Thursday, September 15, 2005

The BBC has a fun "game" where you can choose your dream-team to run the world. They provide an interesting, but obviously limited, selection of people in four categories of "leader", "thinker", "economist" (which includes prominent businessmen (note, no women)) and "other" (including some ludicrus slebs).

You have to choose at least one leader, thinker and economist, but apart from that the choice is yours. Here's my fantasy government. As you can imagine, it tends to be loaded with economists of left-liberal persuasion and women activists.

Mikhail Gorbachev

You have to choose one leader, and for me it was basically a toss-up between Gorbachev, Mandela and Clinton. Mandela is probably the best of the lot, but felt kind of a cliche. Clinton is a great politician, but I didn't want things dominated by the US or by its spin culture. Gorbachev seems to have the right mix of experience, respect and ability to be a fairly passive chairman. I also think that he was more personally commited to the end of the cold-war and nuclear disarmament than some give him credit for.

Shirin Ebadi

Iranian women's rights activist. Don't know about her, but pushes the right buttons.

Wangari Maathai

The first african woman to receive the nobel peace prize, she's an ecological activist from Kenya who's been involved with planting trees to prevent soil erosion.

Anna Politkovskaya

Russian journalist and human rights activist.

George Soros

I've always had a lot of respect for Soros and his attempt to promote Popperian ideals.

Mohammad Yunus

The guy who invented Grameen and micro-credit.

Steven D. Levitt

He's trendy at the moment. But more importantly, he's a contrarian and experimentalist. I'm hoping he'll be the person in the team demanding to see the evidence, if not designing experiments to test it.

Joseph E. Stiglitz

Knows what's wrong with the international financial institutions. And may be able to fix them.

Amartya Sen

Sen's economic focus is the growth of freedoms, both positive and negative.

Hernando de Soto

Coming from a bit further to the right. De Soto is a strong advocate of private property and it's role in economic development.

Ayaan Hirsi Ali

Another women's rights activist.


OK, that's the team. Some of them maybe wrong. I may have too many economists, though I think smart economists ought to be able to understand the complexity of running the world. What you'd expect from this team is a lot of development projects around the world, mainly based on encouraging small-scale enterprises, and possibly penalizing big finance. That's probably what I'm looking for.

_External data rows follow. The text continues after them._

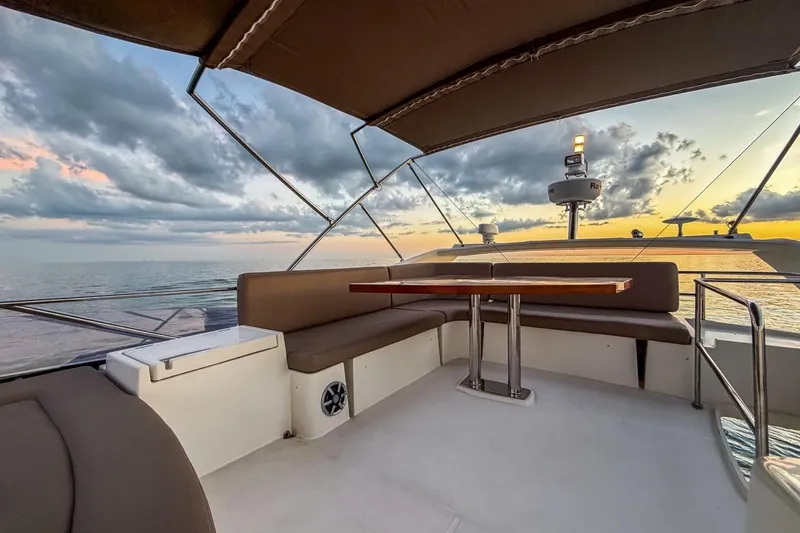 Slide: The Image of Flybridge seating area on 2013 Prestige 500 yacht at sunset over the ocean. - 7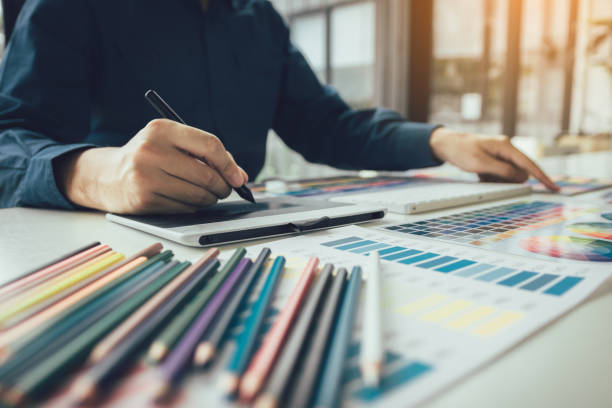 istock Freelance creative designers working on desk using digital graphic tablet and drawing with pen in modern home office. 1155835263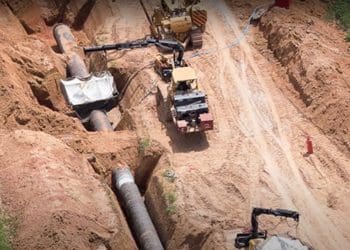 Construction workers lay an oil pipeline EACOP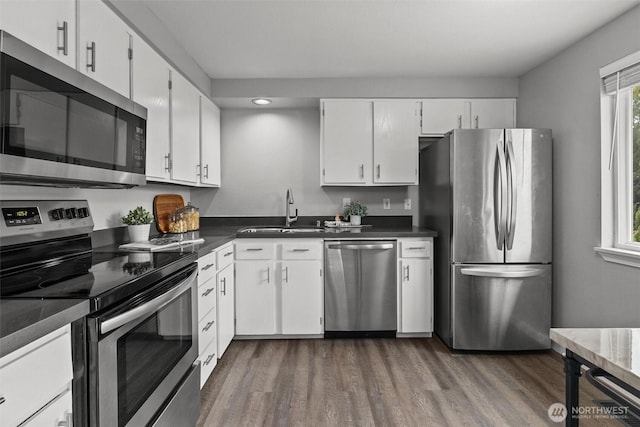 11620 28th St NE, Lake Stevens, WA 98258 - kitchen with appliances with stainless steel finishes, recessed lighting, dark wood-type flooring, white cabinetry, and dark countertops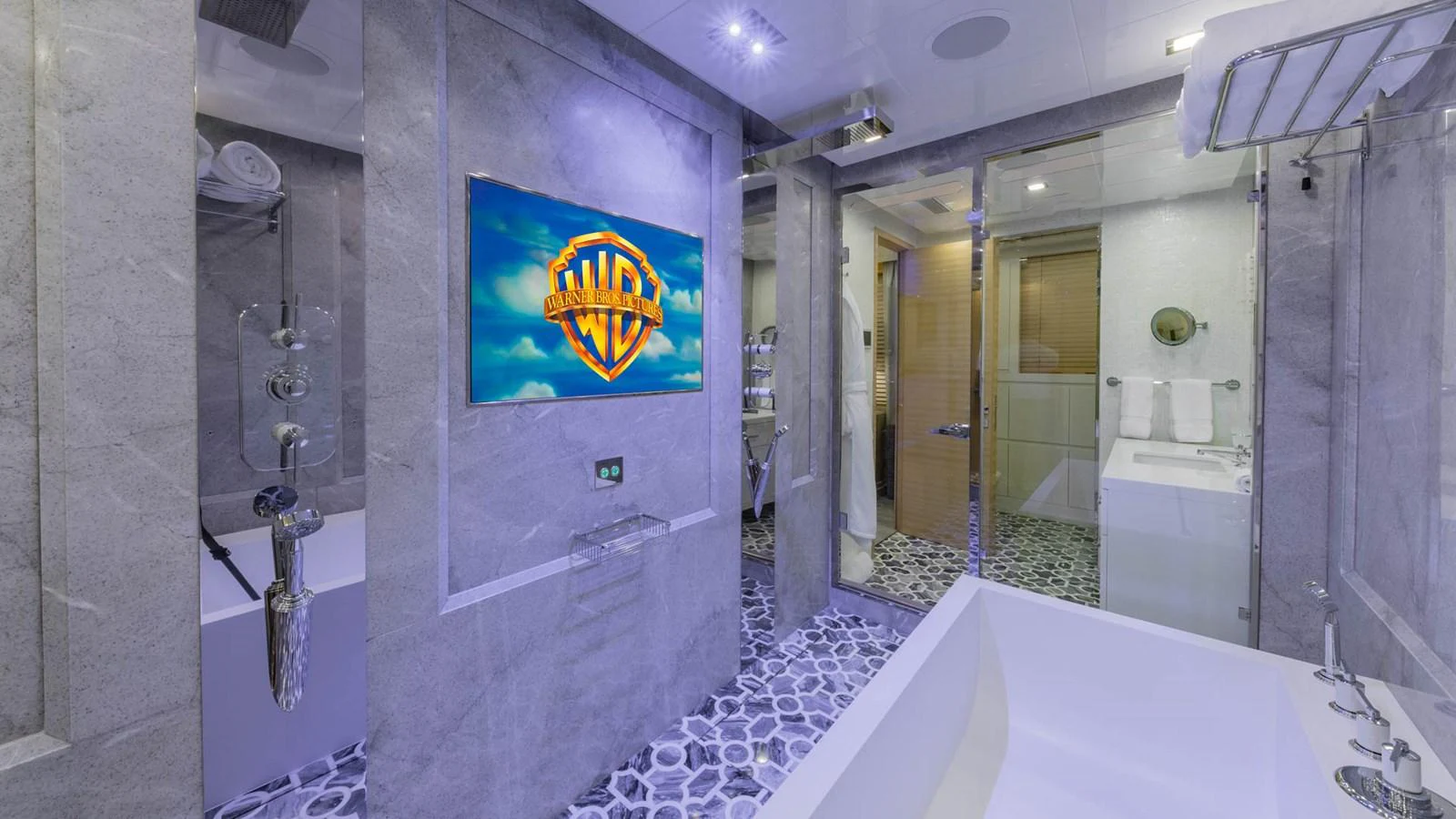 a bathroom with a tub and shower aboard APRICITY Yacht for Sale
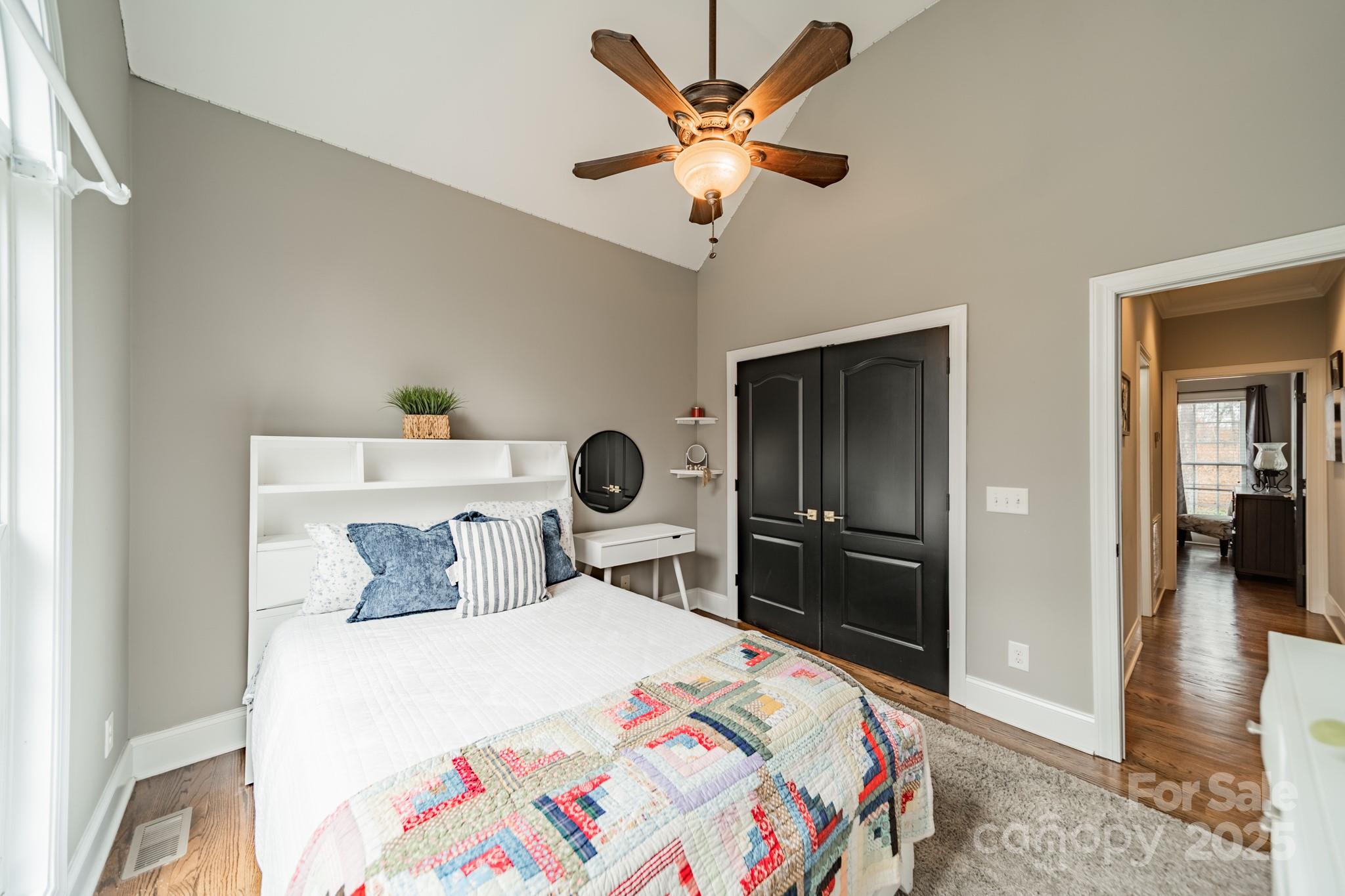 5201 Barrier Store Road Mount Pleasant, NC 28124 - Photo 23 of 46 a bedroom with a bed and a chandelier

But let's just look at the huge glaring omission.

There are no scientists, inventors, geeks or hackers of any kind.

Why? Because none were available.

The BBC offers novelists, architects, clothes designers, the guy who invented the IKEA flat-pack, models, actors, Brad Pitt and Jenifer Lopez and some Bollywood equivalent.

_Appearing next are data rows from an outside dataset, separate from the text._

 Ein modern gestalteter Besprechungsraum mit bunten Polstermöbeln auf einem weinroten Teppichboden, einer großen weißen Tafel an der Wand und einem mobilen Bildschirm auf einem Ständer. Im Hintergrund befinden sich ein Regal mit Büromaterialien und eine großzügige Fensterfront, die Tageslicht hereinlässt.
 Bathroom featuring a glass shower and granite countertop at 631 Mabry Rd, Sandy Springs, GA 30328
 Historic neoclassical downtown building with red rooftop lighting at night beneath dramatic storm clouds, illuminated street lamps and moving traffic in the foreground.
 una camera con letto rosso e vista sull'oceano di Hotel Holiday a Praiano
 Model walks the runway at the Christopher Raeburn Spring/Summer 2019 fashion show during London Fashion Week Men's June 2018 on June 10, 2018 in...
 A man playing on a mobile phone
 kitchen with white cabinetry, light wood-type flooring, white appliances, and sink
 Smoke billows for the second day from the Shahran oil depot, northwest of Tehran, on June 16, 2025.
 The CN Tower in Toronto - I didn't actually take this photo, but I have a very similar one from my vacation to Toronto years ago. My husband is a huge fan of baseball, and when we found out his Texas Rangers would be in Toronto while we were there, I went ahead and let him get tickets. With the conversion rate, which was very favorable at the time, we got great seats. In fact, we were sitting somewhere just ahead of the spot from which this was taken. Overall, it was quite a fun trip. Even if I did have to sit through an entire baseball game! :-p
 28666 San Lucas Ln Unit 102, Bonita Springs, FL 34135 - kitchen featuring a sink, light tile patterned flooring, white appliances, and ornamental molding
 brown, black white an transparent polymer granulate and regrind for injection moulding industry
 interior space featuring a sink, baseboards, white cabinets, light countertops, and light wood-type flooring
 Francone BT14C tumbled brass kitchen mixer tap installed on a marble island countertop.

But not a single scientist. Levitt is the only person with any reputation for empirical research.

We don't have Richard Stallman, the obvious geek who has had the most dramatic impact in recent times. Nor a stand-in like Linus Torvalds or Eric Raymond (though I'm not sure I'd be able to stomach the latter in my world government, even if he'd accept.) Nor a Dave Winer or Clay Shirky or Manuel Castells or other thinker about internet culture.

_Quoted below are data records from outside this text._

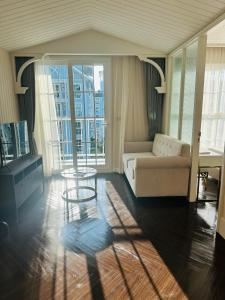 a living room with a couch and a table at Grand Florida Beach condo in Na Jomtien +25 photos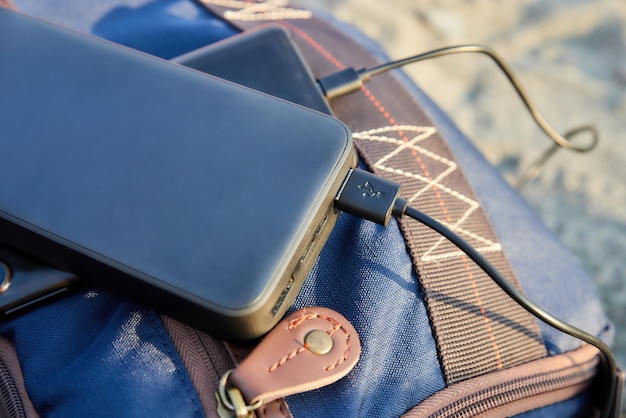 Powerbank lädt das Handy am Strand am Touristenrucksack auf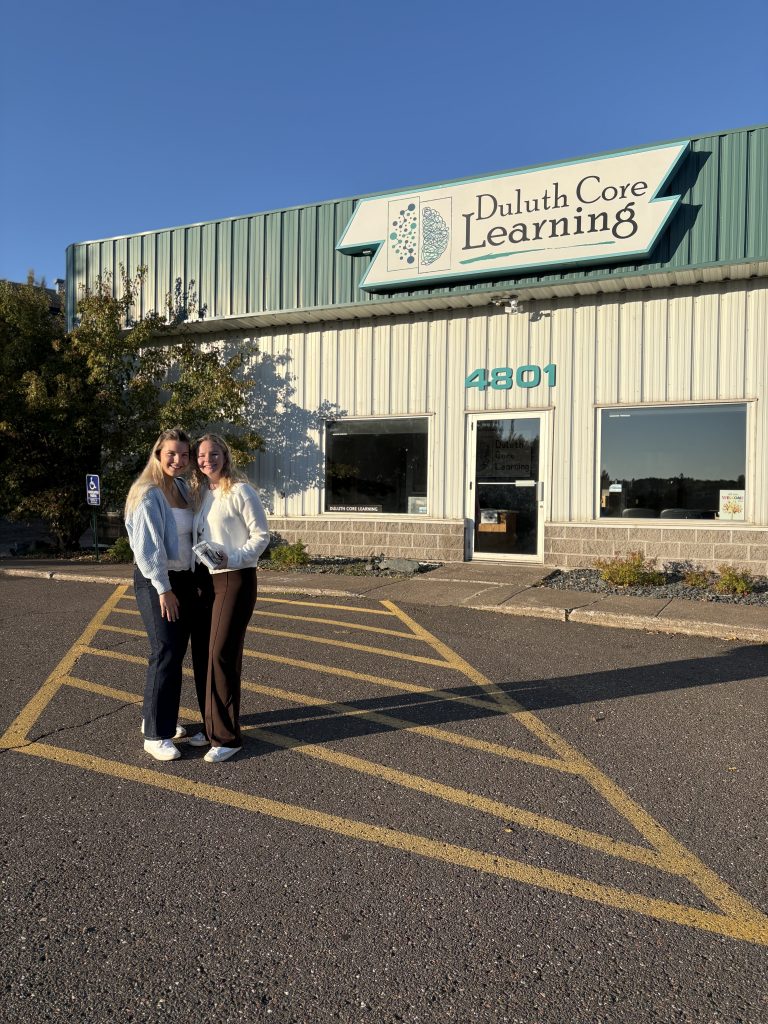 Saints Agency team standing outside of Duluthe Cor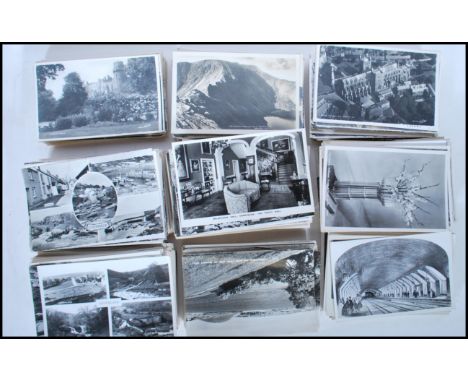 A large collection of vintage real photographic postcards. All B&amp;W standard (small) size British views.Approx 700 in box.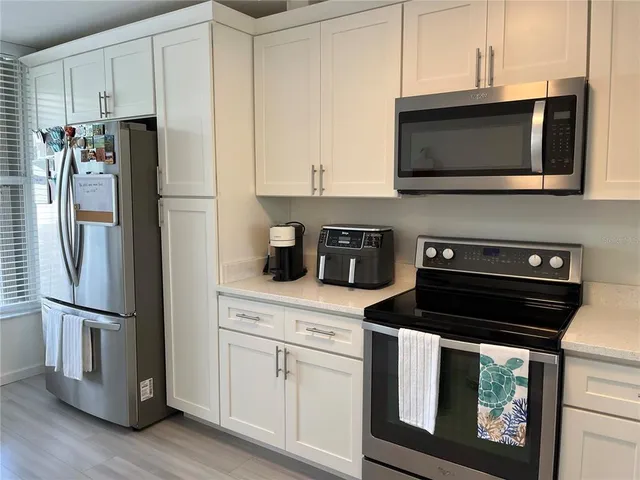 a kitchen with stainless steel appliances white cabinets and a stove a refrigerator with wooden floor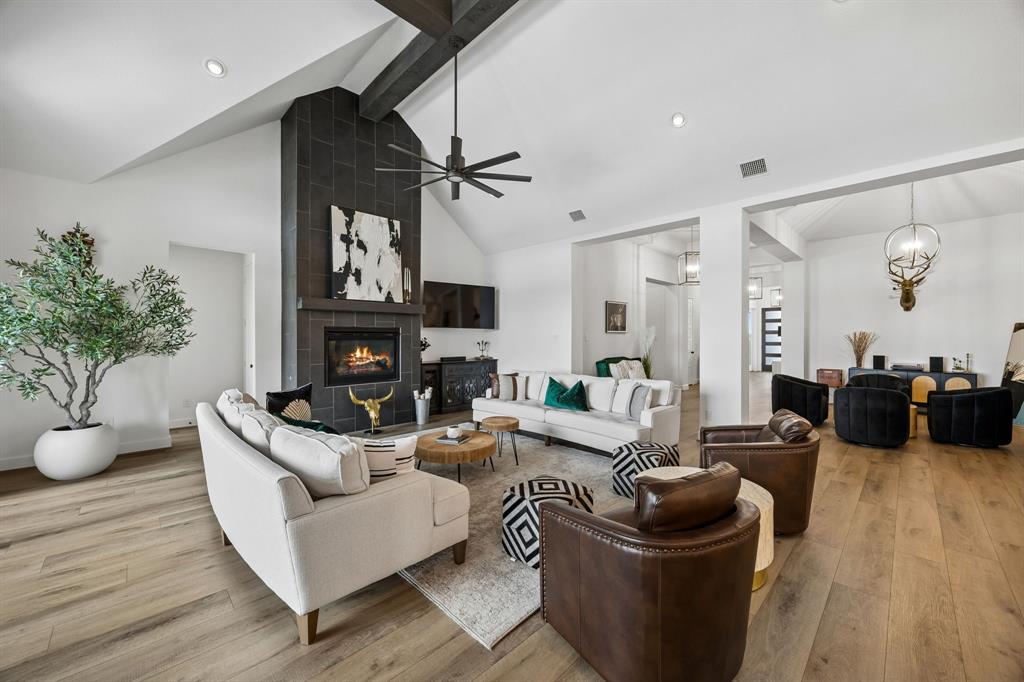 1908 Lotus Court Haslet, TX 76052 - Photo 12 of 40 Floor-To-Ceiling Fireplace And Cedar Beams Enhance Soaring Ceilings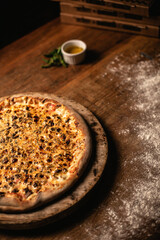 Delicious pizza in wood table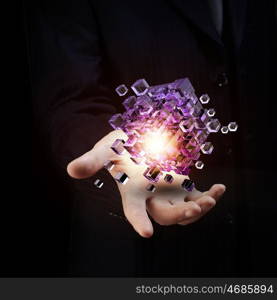 Human Resources concept. Businessman close view holding in hand magic glowing cube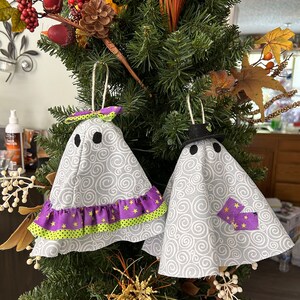 Può includere: Due ornamenti a forma di fantasma fatti a mano con tessuto grigio a spirali. Uno ha una balza viola e verde con stelle gialle, l'altro un cappello nero e toppe viola con stelle gialle. Entrambi hanno occhi neri a bottone e sono appesi con spago.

We do, I suppose, get Bill Gates, Sergey Brin and Steve Jobs, confusingly in the economics section, and while Bill is a bona-fide geek, and Sergey too, they're there because of their business success. Actually, I'm wishing I'd added Brin to the mix. But reading his write up, you can understand why I didn't figure him in this role. He's credited with creating Google which is now worth X amount of billions, and despite being a billionaire lives a modest life-style.

No pop-science writers like Richard Dawkins, Paul Davies, or my current favourite. No wonder Oli is dispairing at the state of popular awareness of science. Bad BBC!